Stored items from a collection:
=== Section Start ===

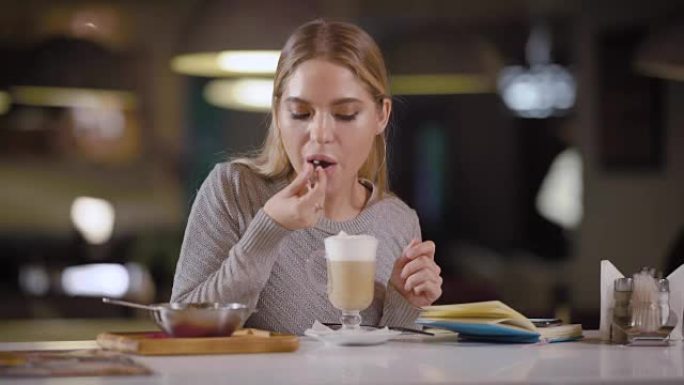 一个年轻漂亮的女人在一家餐馆喝乳胶咖啡，一位女士吃牛奶，喝牛奶，旁边放着一个笔记本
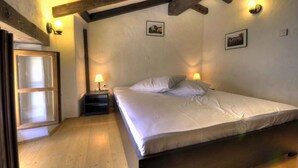 A bedroom with a wooden ceiling, a bed with white bedding, two wall-mounted lamps, and a small nightstand. - Holiday home for nature lovers in a quiet location (Buzet)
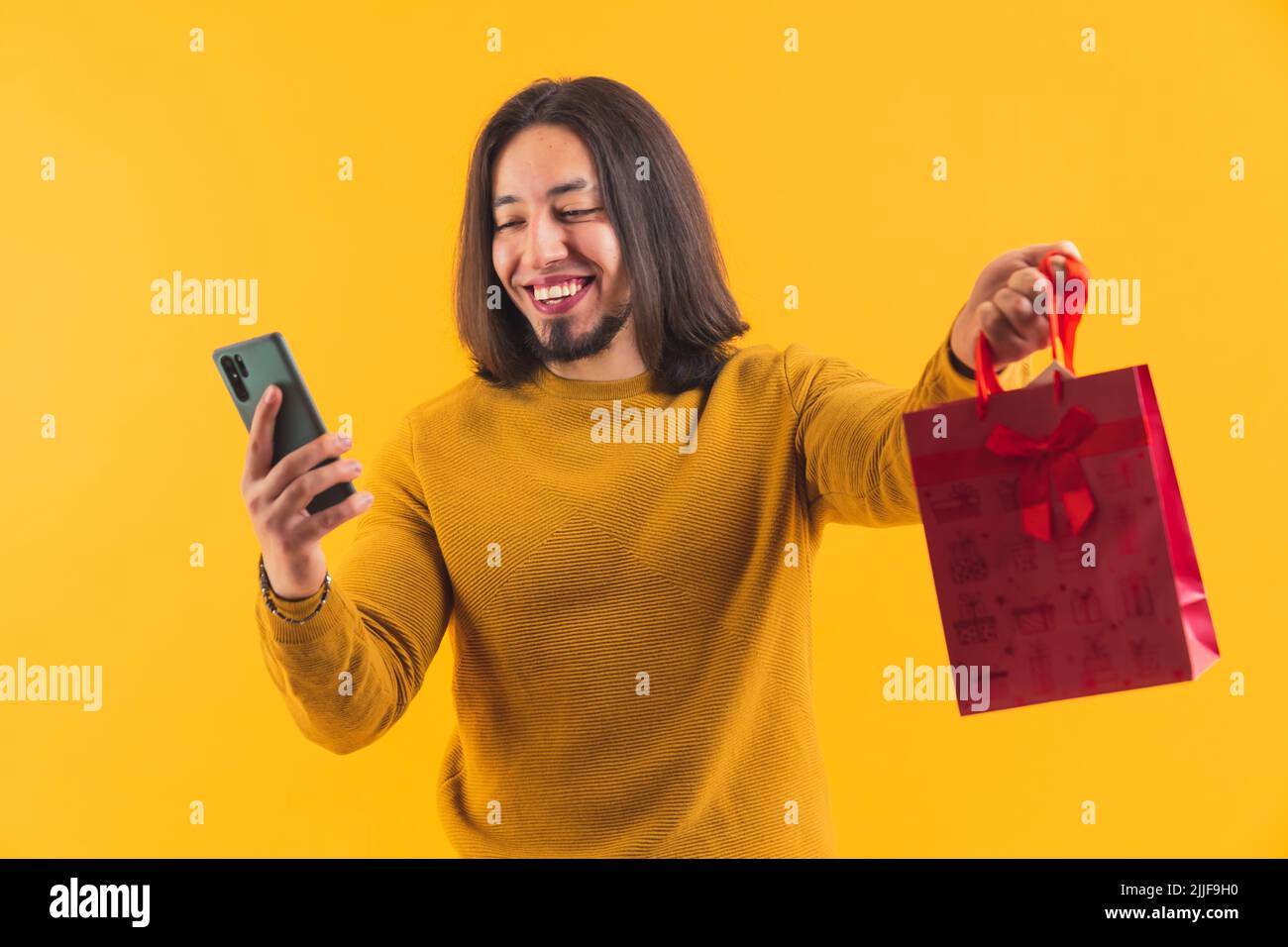 Un lungo pelato bearded giovane uomo felice appeso un telefono e un sacchetto rosso del regalo nella sua mano destra all'interno di una stanza. Foto di alta qualità Foto Stock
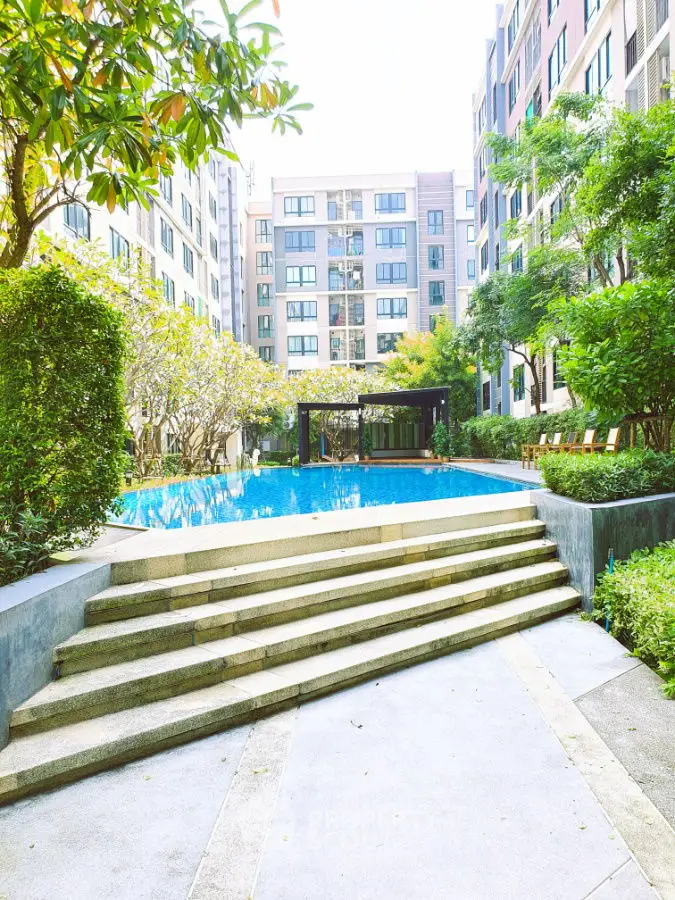 Luxurious residential complex with stunning pool and lush greenery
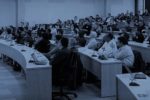 A lecture hall with a speaker addressing a seated audience. The room is arranged with curved seating and attendees appear engaged, some taking notes.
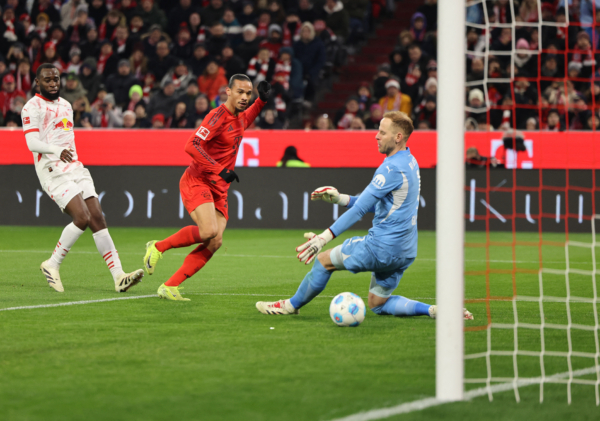 Bayern Munich's German forward #10 Leroy Sane (C) scores the 4-1 past Leipzig's Hungarian goalkeeper #01 Peter Gulacsi (R) during the German first division Bundesliga football match between FC Bayern Munich and RB Leipzig in Munich, southern Germany, on December 20, 2024. (Photo by Alexandra BEIER / AFP) / DFL REGULATIONS PROHIBIT ANY USE OF PHOTOGRAPHS AS IMAGE SEQUENCES AND/OR QUASI-VIDEO 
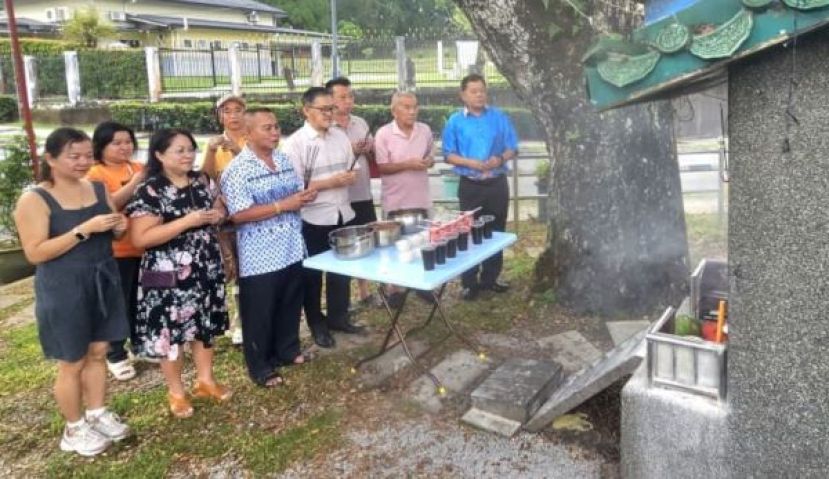 薛华东（前排中）与甲必丹林传政（左3）及信众在亚答街大树底下的拿督公神龛进行开斋节膜拜。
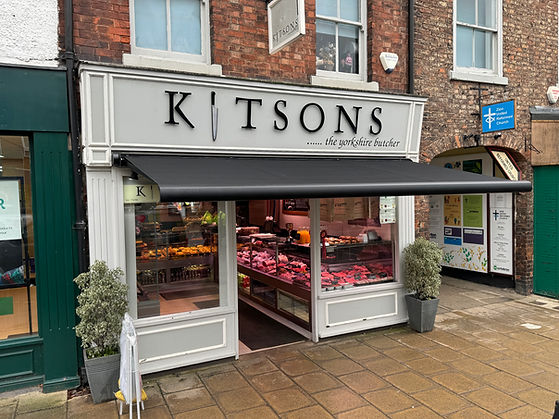 Black Commercial Awning installed on a Butchers Shop in Yorkshire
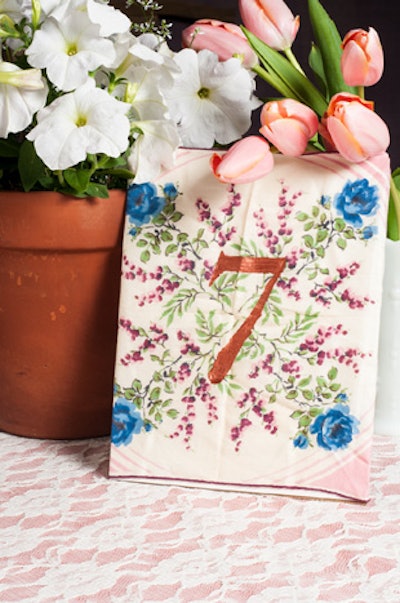 LoLo Event Design offers hand-painted handkerchiefs that can serve as table numbers at a garden event. Geraniums in a terra cotta pot have a more casual feel than an elaborate formal centerpiece.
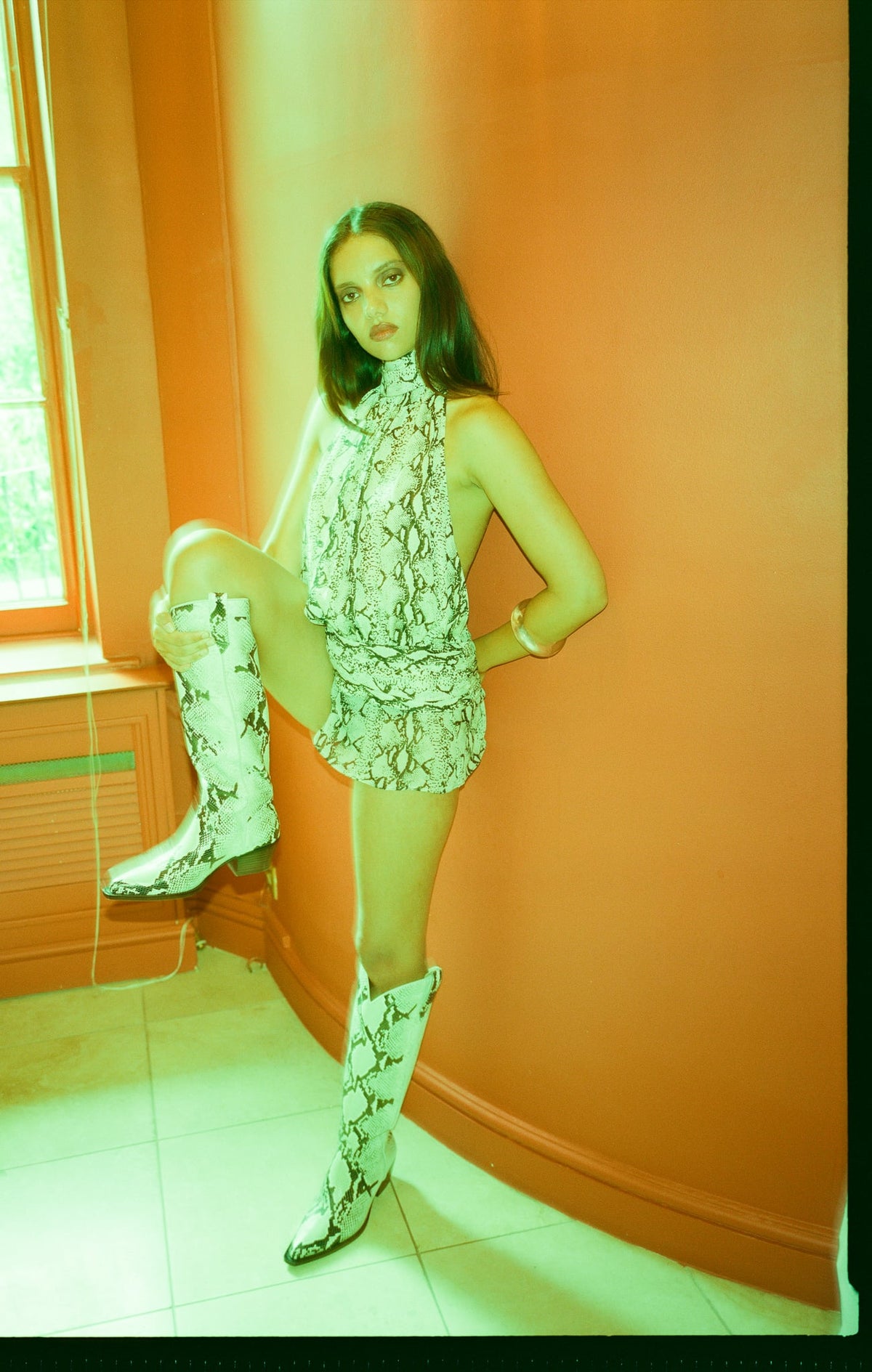 A woman posing in a matching snakeskin print sleeveless top and shorts set, paired with matching snakeskin print knee-high boots, set against a warm orange wall.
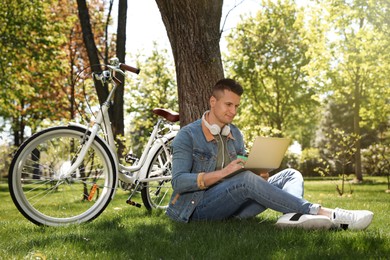 Man with cup of coffee working on laptop in park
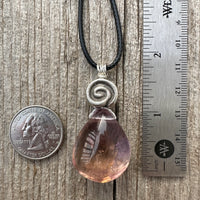 Ametrine for Connecting Physical and Metaphysical Realms, Clarity, and Harmony. Swirl to Signify Consciousness.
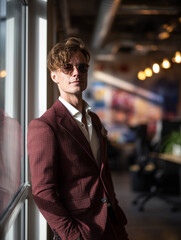 Smiling businessman in burgundy suit holding phone outdoors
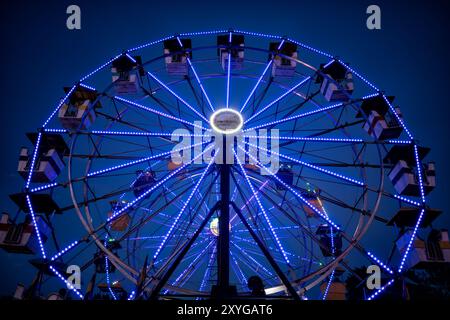 ARLINGTON, Virginia — A vibrantly illuminated Ferris wheel stands out against the twilight sky at the Arlington County Fair. The wheel's colorful lights create a dazzling display, capturing the festive atmosphere of the fair as day turns to night. This iconic carnival ride serves as a centerpiece for the annual community event, offering both thrilling views for riders and a picturesque scene for fairgoers. Stock Photo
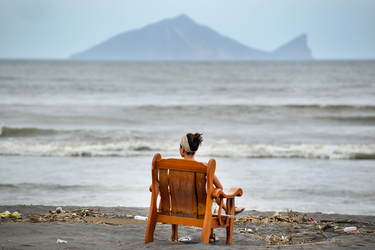 A woman relaxes on a chair on a beach looking towards Turtle Island, on the horizon.
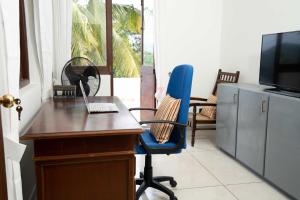 een kantoor met een bureau en een stoel met een laptop bij Mannat in Kandy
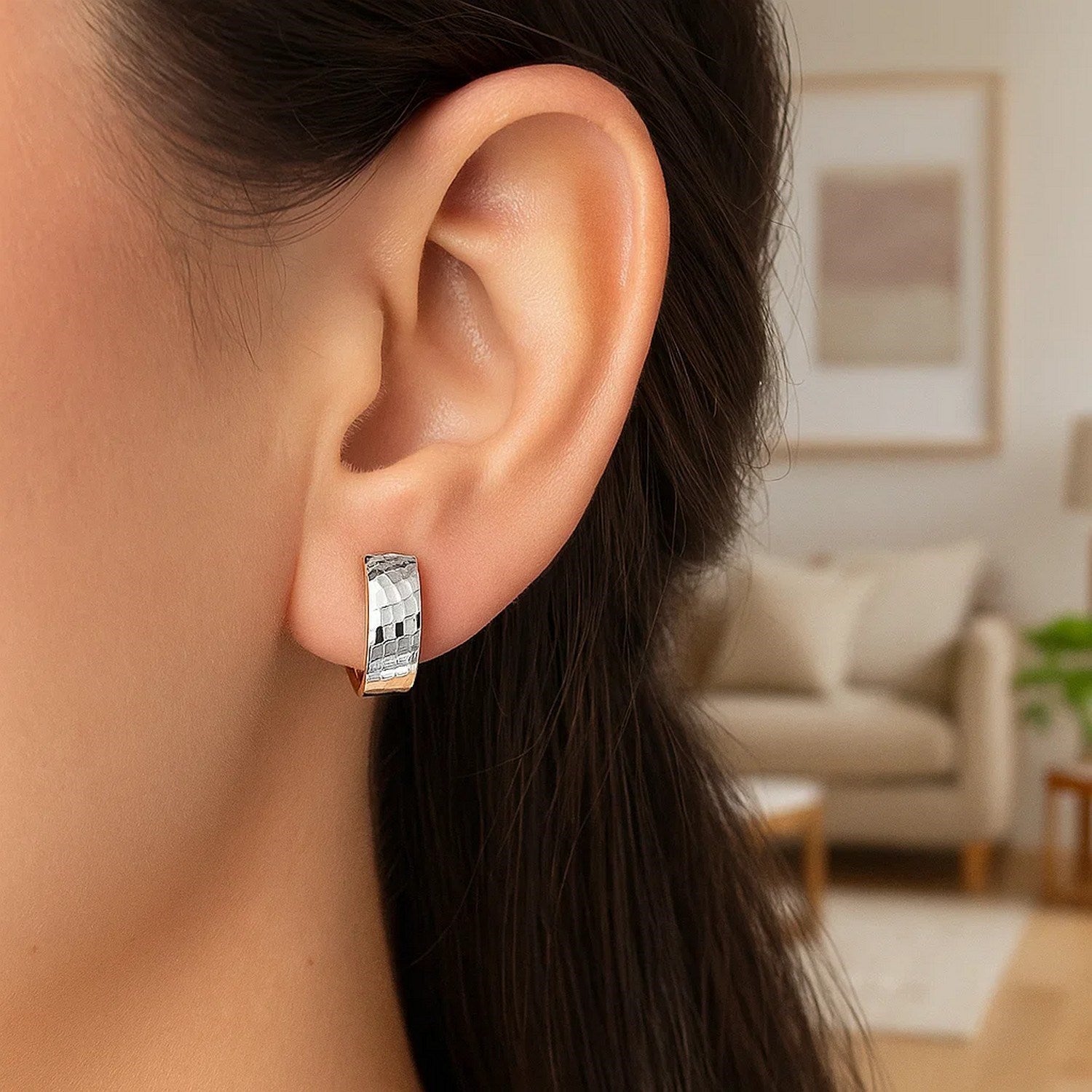 14k two-tone gold hoop earrings with polished and textured geometric sections.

=== Section End ===

— The problem —
Output exactly the lines above that lie between the line with "薛华东（前排中）与甲必丹林传" and the line with "Man with cup", those two lines included, and no pictures.

— Solved problem —
 薛华东（前排中）与甲必丹林传政（左3）及信众在亚答街大树底下的拿督公神龛进行开斋节膜拜。
 Black Commercial Awning installed on a Butchers Shop in Yorkshire
 LoLo Event Design offers hand-painted handkerchiefs that can serve as table numbers at a garden event. Geraniums in a terra cotta pot have a more casual feel than an elaborate formal centerpiece.
 A woman posing in a matching snakeskin print sleeveless top and shorts set, paired with matching snakeskin print knee-high boots, set against a warm orange wall.
 Man with cup of coffee working on laptop in park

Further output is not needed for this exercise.